Несчастный случай, пуля-дура
Настигла где-то на пути,
Завистник от литературы
Любви народа не простил,
Убили нищие крестьяне
(месть за отца: "богач – батрак").
Страна погрязла в том обмане.
Но это было всё не так.
Он был убит в глухом овраге.
И вся в крови была заря.
Ему сказали: едут в лагерь.
Его убили втихаря.
Кто дал команду на аферу,
Какая мразь могла посметь?!
…И улыбался он шофёру,
Который вёз его на смерть.
"Я прошу всего только руку,
Если можно, раненую руку.
Я прошу всего только руку,
Пусть не знать мне ни сна, ни могилы,
Я прошу одну только руку,
Что меня обмоет и обрядит.
Я прошу одну эту руку,
Белое крыло моей смерти."
Как он просил всего лишь руку
В последний час на склоне дня...
Но в ту предсмертную разлуку
Над ним глумилась солдатня.
И вытворяли с ним такое, –
Лютей нет зверя, что двуног, –
Что даже Кафка, даже Гойя
В горячке б выдумать не смог.
"Если умру я – не закрывайте балкона.
Дети едят апельсины.
(Я это вижу с балкона.)
Жнецы сжинают пшеницу.
(Я это слышу с балкона.)"
Он был расстрелян на рассвете.
Звериный победил закон.
Не ели апельсины дети
И не был приоткрыт балкон.
В него стреляли многократно,
И вся в крови была трава.
Запомнят палачи злорадно:
"Большая слишком голова."
И что им было, клике дикой,
Что до того в экстазе зла,
Что в этой голове великой
Вся Андалузия жила?
И крика эллипсом насквозь
Пронзило чёрное безмолвье...
Гранада! Получила кость?!
Теперь дыши его любовью.
"Прощаюсь у края дороги.
Угадывая родное,
Спешил я на плач далёкий,
А плакали надо мною.
Иною, нездешней дорогой
Уйду с перепутья
Будить невесёлую память
О чёрной минуте."
Вы никогда б не догадались,
Кто Лорку выдал палачам.
Иудой был Луис Розалес,
Кто о любви к нему кричал.
Когда-то ученик поэта,
Он жил в одной квартире с ним.
Потом издаст его сонеты
Уже под именем своим.
Но жители, в сие не веря,
Крестились, и в глазах был страх…
Иуда он или Сальери –
Да будет проклят его прах.
"Когда умру, схороните меня с гитарой
В речном песке.
Когда умру...
В апельсиновой роще старой,
В любом цветке.
Когда умру,
Стану флюгером я на крыше,
На ветру.
Тише...
Когда умру!"
Он схоронить просил с гитарой.
Никто его не хоронил.
Лишь строки этой песни старой
Бродяга-ветер раззвонил:
"Если умру я, мама,
Будут ли знать про это?
Синие телеграммы
Ты разошли по свету!"
Игра теней, свеченье бликов,
Серебряная филигрань...
Гранада!
Начало здесь
Продолжение здесь
Окончание здесь
«Если умру я - не закрывайте балкона»
О гибели Лорки, кажется, уже написано не меньше, чем о его стихах. Хотя только в 1969 году в Испании впервые было напечатано чёрным по белому - «убит». До того статьи и предисловия завершались вынужденным иносказанием: «Творческий путь поэта оборвался в 1936 году». Власть долго не признавалась в убийстве. В интервью, данном через год после гибели Лорки, Франко, вынужденный оправдываться, заявил: «Следует признать, что во время установления власти в Гранаде этот писатель, причисленный к мятежным элементам, умер. Такие случаи естественны во время военных действий».
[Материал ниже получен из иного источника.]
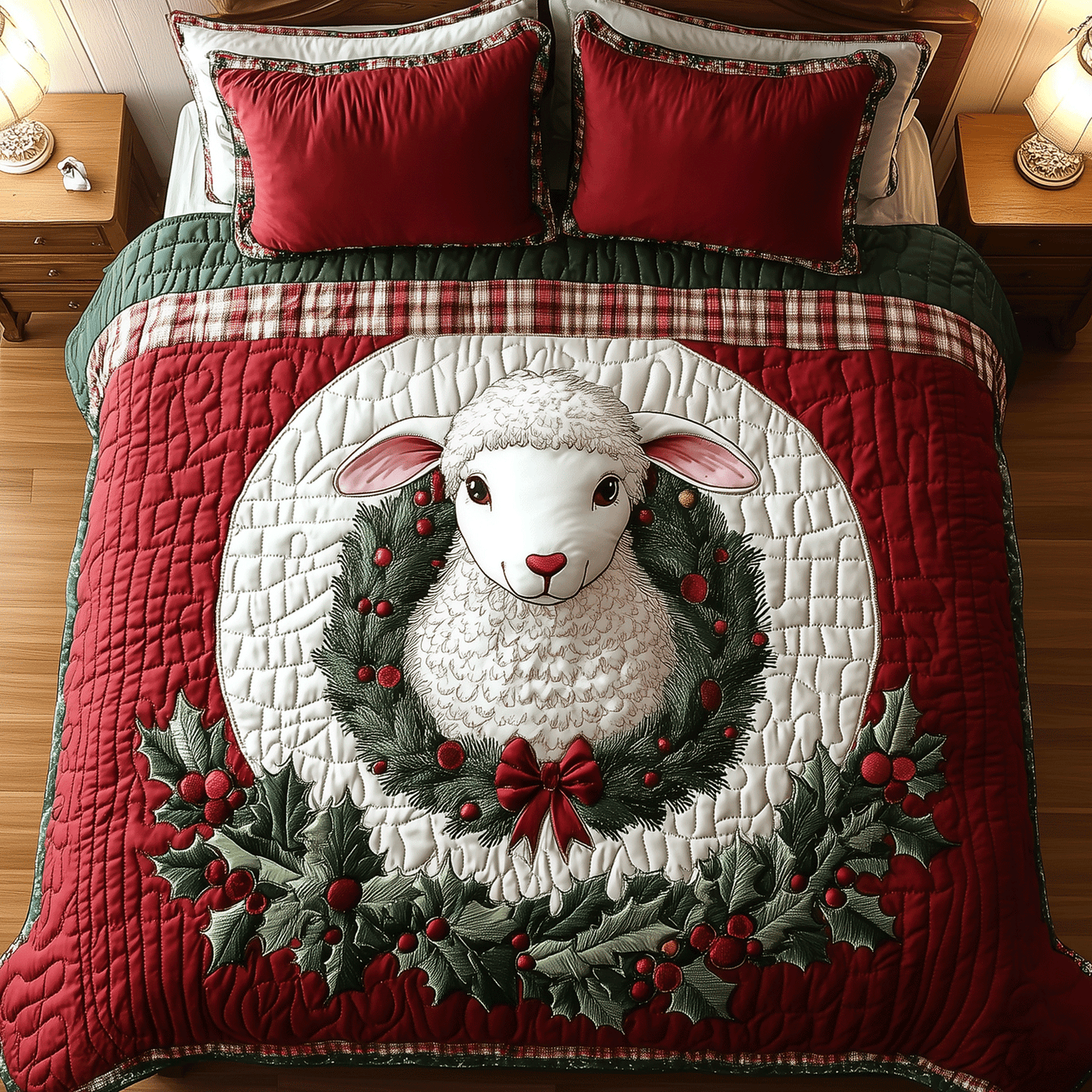 Winter Lamb Bliss 3-Piece Quilted Bedding Set - Single (59" x 70")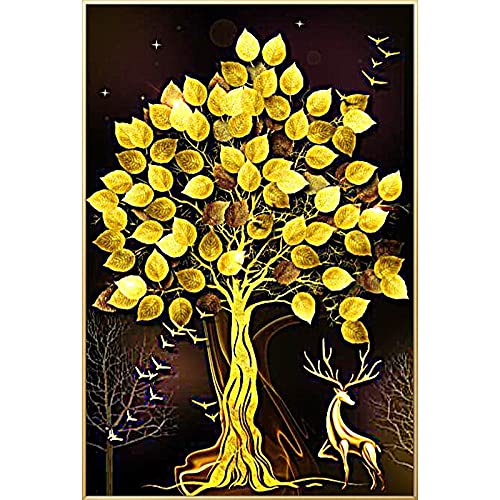 Peinture Diamant Arbre Doré Grand Format anti-stress pour loisir adulte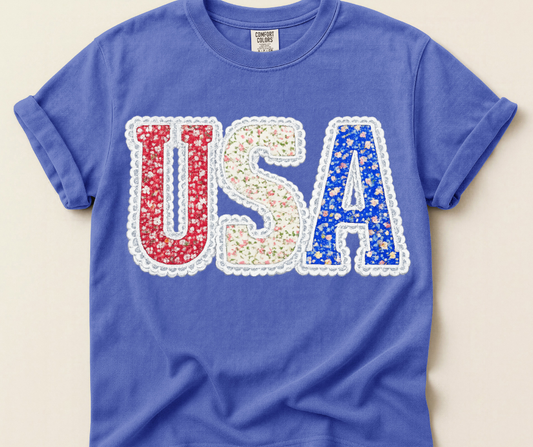 USA floral lace tee
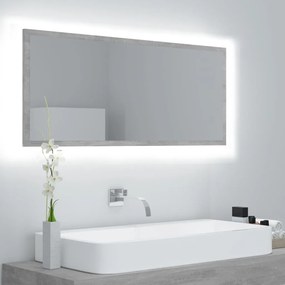 804944 vidaXL Espelho casa de banho LED 100x8,5x37 cm contrapl. cinza cimento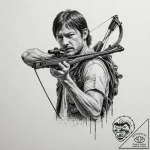 A sketch of daryl dixon from the walking dead… – tattoo sketch (№1751825941_0, 06.07.2025 18:19) — tattoovalue.net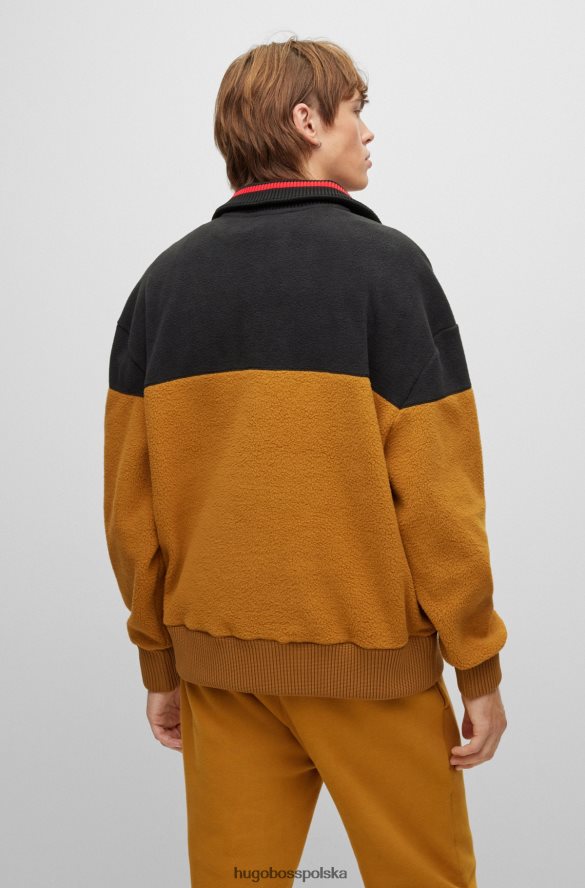 Hugo Boss Hugo polarowa bluza typu sherpa z zamkiem błyskawicznym i haftowanym logo w kolorze pomarańczowym Pomarańczowy R0X0H64360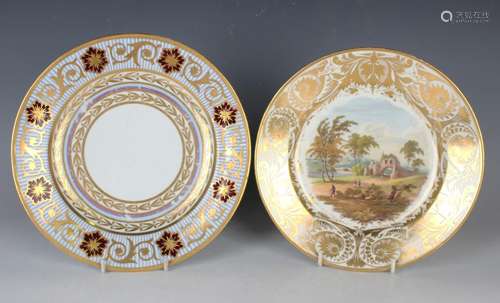 A Derby porcelain plate, circa 1815, painted with a titled l...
Ф. Франко — правитель и диктатор Испании с 1939 по 1975 год
Из всех речей Франко в памяти человечества останется только эта — с ханжеским «умер» и циничным «это естественно», да и то лишь в комментариях к собранию сочинений того, кого диктатор назвал «этим писателем».
Его жизнь и судьба были оборваны на полуслове. Сколько было планов, набросков,черновиков, задуманных книг и спектаклей, сколько замыслов не узнало воплощения!
Он предчувствовал свою скорую смерть. В сборнике «Диван Тамарита» есть пронзительной силы стихотворение «Касыда о недосягаемой руке». Она полна душевным смятением и трагизмом окончательного прозрения: в смерти человек остаётся один, никто не сможет ему помочь. Нежелание смириться с последним одиночеством вызывает мольбу: «Я прошу одну только руку...» Но касыда о руке — недосягаемой. Этот крик одиночества, пророческое видение будущей одинокой гибели потрясают.
Я прошу всего только руку,
если можно, раненую руку.
Я прошу всего только руку,
пусть не знать ни сна мне, ни могилы.
Только б алебастровый тот ирис,
горлицу, прикованную к сердцу,
ту сиделку, что луну слепую
в ночь мою последнюю не впустит.
Я прошу одну эту руку,
что меня обмоет и обрядит.
Я прошу одну эту руку,
белое крыло моей смерти.
Все иное в мире - проходит.
Млечный след и отсвет безымянный.
Все - иное; только ветер плачет
о последней стае листопада.
«Когда я умру - Оставьте балкон открытым...» Поёт Елена Камбурова:
Это песня «Прощание» (1924), в которой не только прощание, но и вера, что его связь с миром, с людьми не прервётся и после смерти.
Если умру я -
не закрывайте балкона.
Дети едят апельсины.
Начало здесь
Продолжение здесь
Погибшие из-за любви
Лунная заводь реки
под крутизною размытой.
Сонный затон тишины
под отголоском-ракитой.
И водоем твоих губ,
под поцелуями скрытый.
Его строки завораживают. Их горькому таинственному очарованию невозможно противиться.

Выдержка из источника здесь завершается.